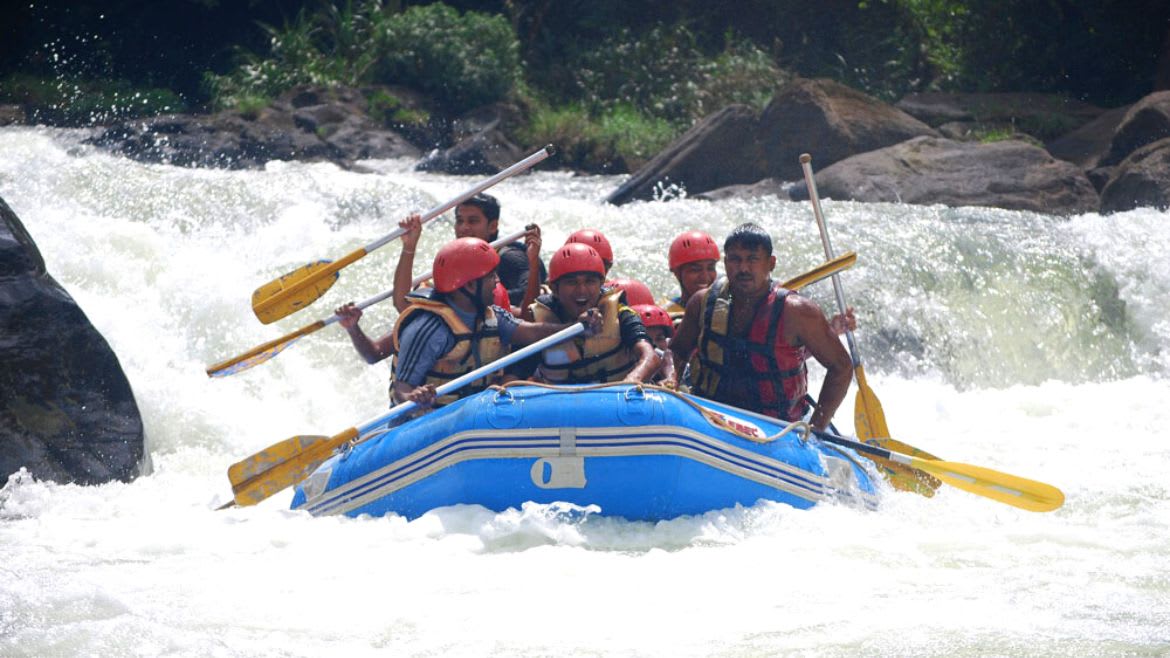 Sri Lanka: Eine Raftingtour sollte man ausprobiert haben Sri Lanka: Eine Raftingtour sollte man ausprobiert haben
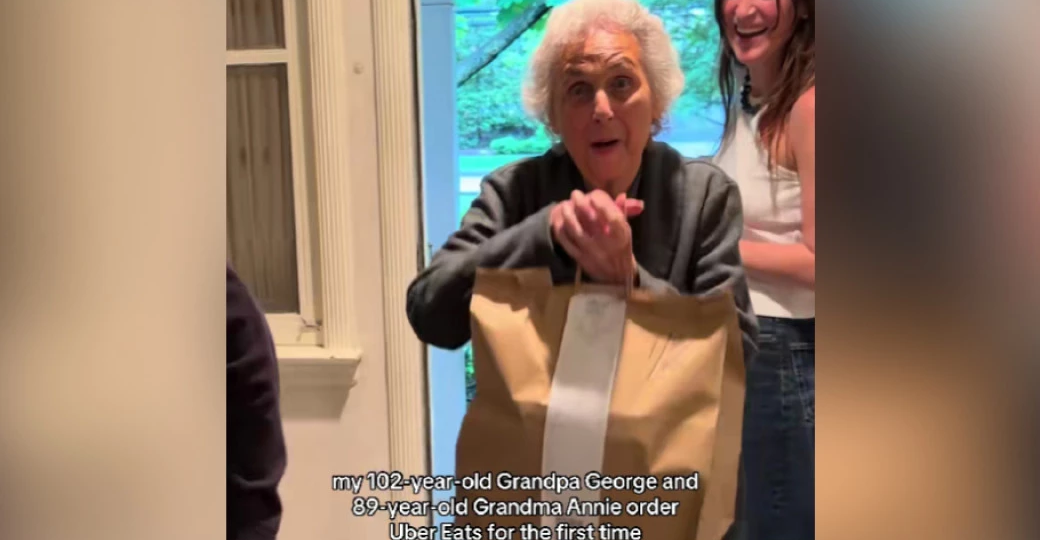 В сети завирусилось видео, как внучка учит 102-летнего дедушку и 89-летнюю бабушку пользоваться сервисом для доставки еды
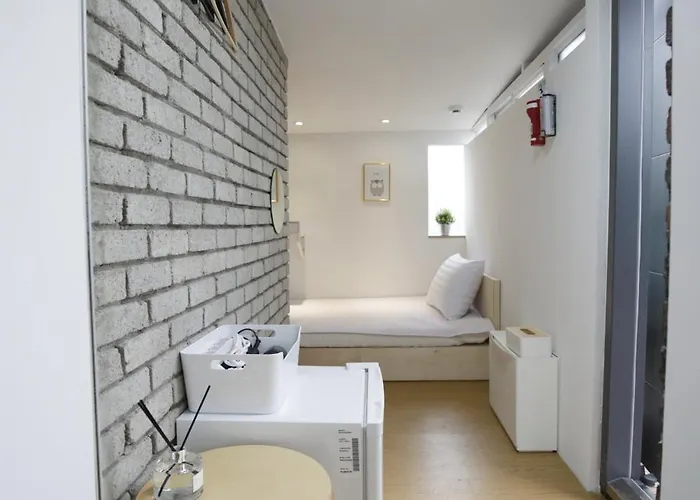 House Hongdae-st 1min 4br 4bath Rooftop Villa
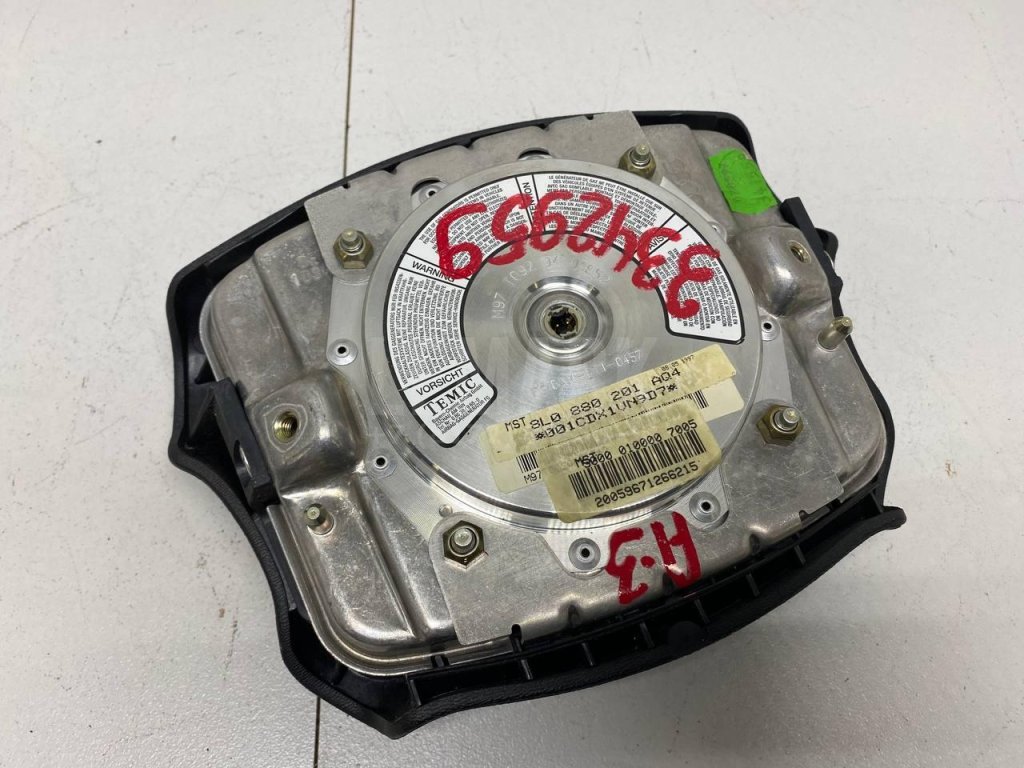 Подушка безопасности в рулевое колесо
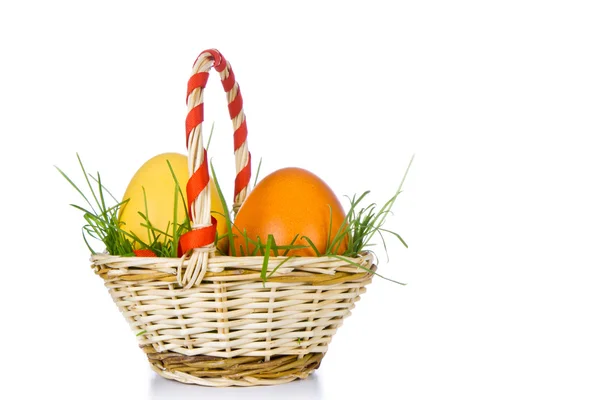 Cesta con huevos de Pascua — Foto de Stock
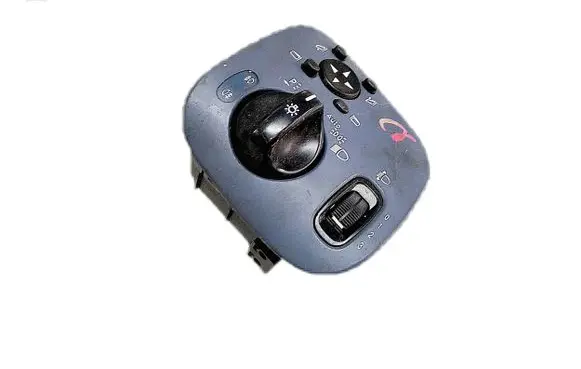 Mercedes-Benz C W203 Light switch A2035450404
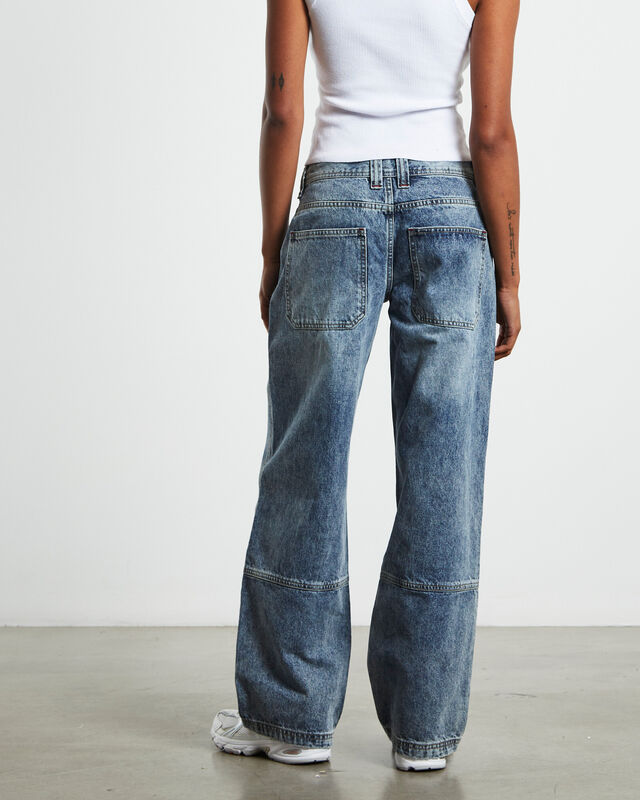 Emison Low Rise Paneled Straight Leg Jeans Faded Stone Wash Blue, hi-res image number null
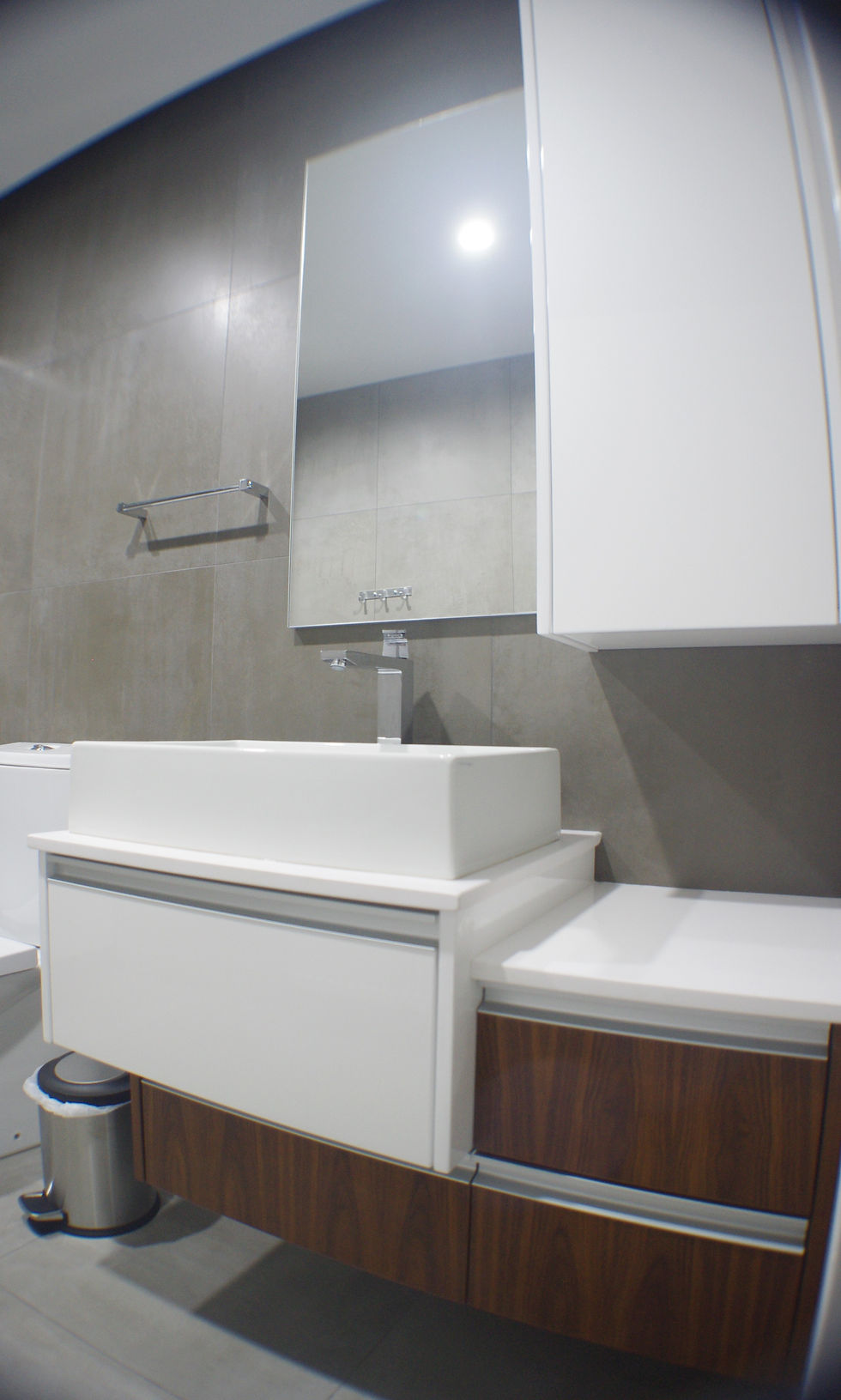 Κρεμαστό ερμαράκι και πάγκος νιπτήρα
:::::
**Instructions to follow:**
The records above must be repeated in full and exactly, but without any of the pictures.

**Your solution:**
 Sri Lanka: Eine Raftingtour sollte man ausprobiert haben Sri Lanka: Eine Raftingtour sollte man ausprobiert haben
 В сети завирусилось видео, как внучка учит 102-летнего дедушку и 89-летнюю бабушку пользоваться сервисом для доставки еды
 House Hongdae-st 1min 4br 4bath Rooftop Villa
 Подушка безопасности в рулевое колесо
 Cesta con huevos de Pascua — Foto de Stock
 Mercedes-Benz C W203 Light switch A2035450404
 Emison Low Rise Paneled Straight Leg Jeans Faded Stone Wash Blue, hi-res image number null
 Κρεμαστό ερμαράκι και πάγκος νιπτήρα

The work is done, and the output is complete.